▶ **GOAL OF THE EXERCISE**
Output only the lines below from the one holding "Wall Mural - Aerial" down to the one holding "A framed world", both end lines included and every picture dropped.

▶ **MATERIAL SHOWN**
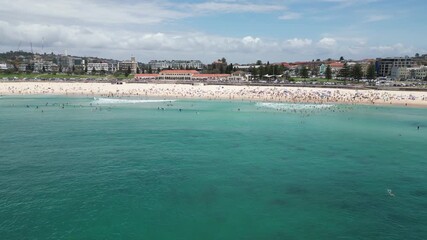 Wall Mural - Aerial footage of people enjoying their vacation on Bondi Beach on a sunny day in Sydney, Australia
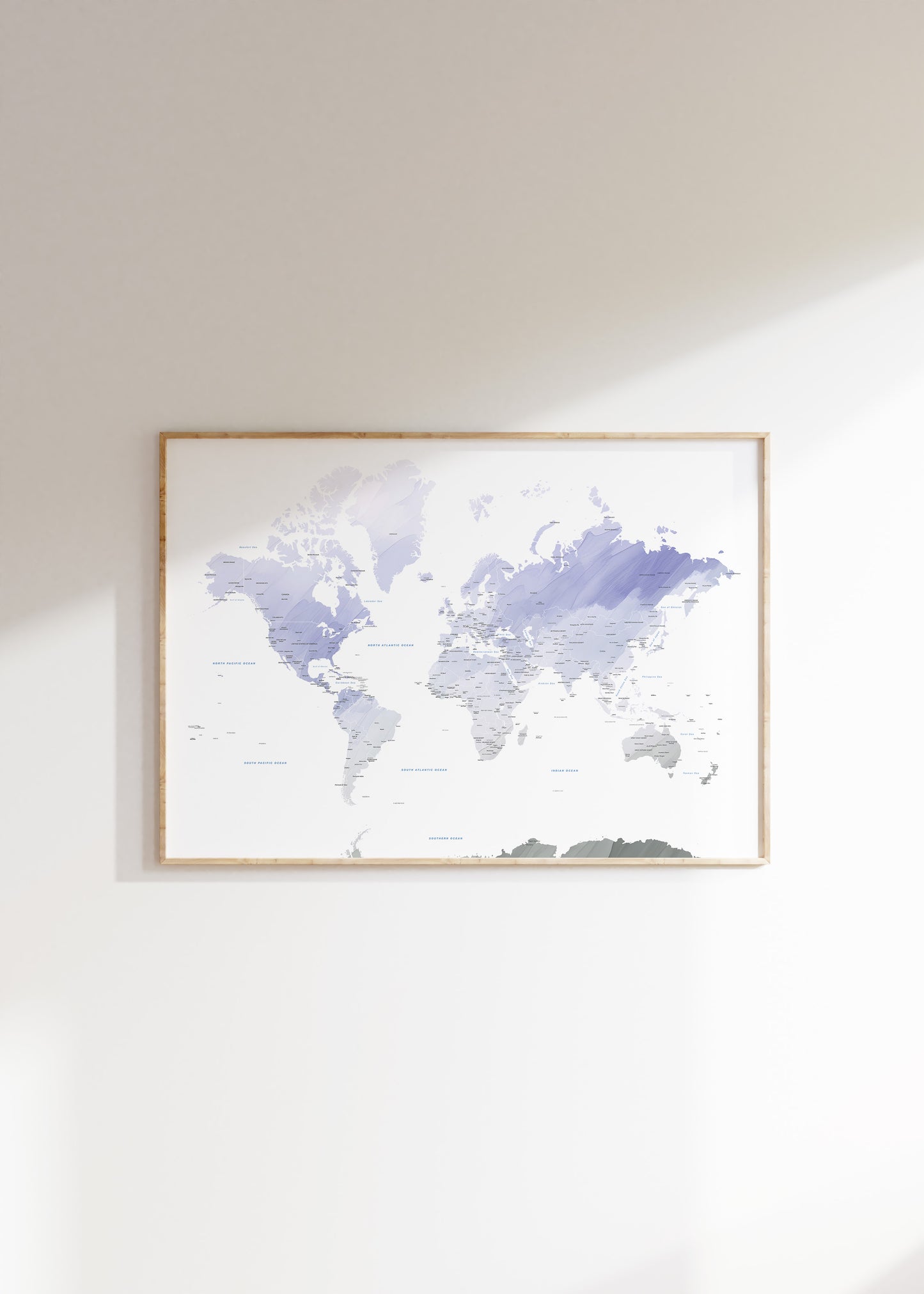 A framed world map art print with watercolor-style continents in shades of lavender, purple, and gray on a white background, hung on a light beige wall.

* * *

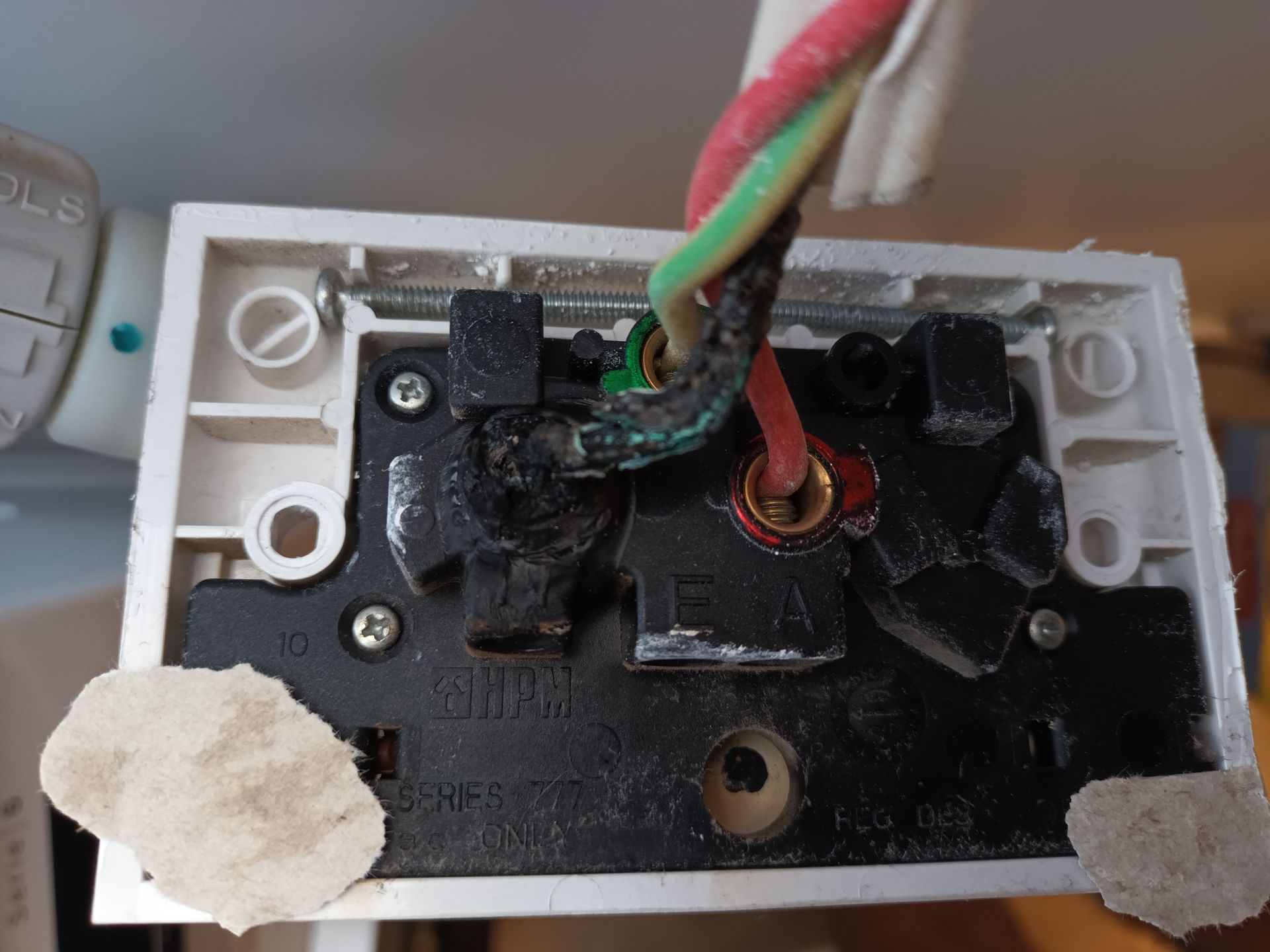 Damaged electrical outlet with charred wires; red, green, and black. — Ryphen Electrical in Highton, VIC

▶ **EXERCISE ANSWER**
 Wall Mural - Aerial footage of people enjoying their vacation on Bondi Beach on a sunny day in Sydney, Australia
 A framed world map art print with watercolor-style continents in shades of lavender, purple, and gray on a white background, hung on a light beige wall.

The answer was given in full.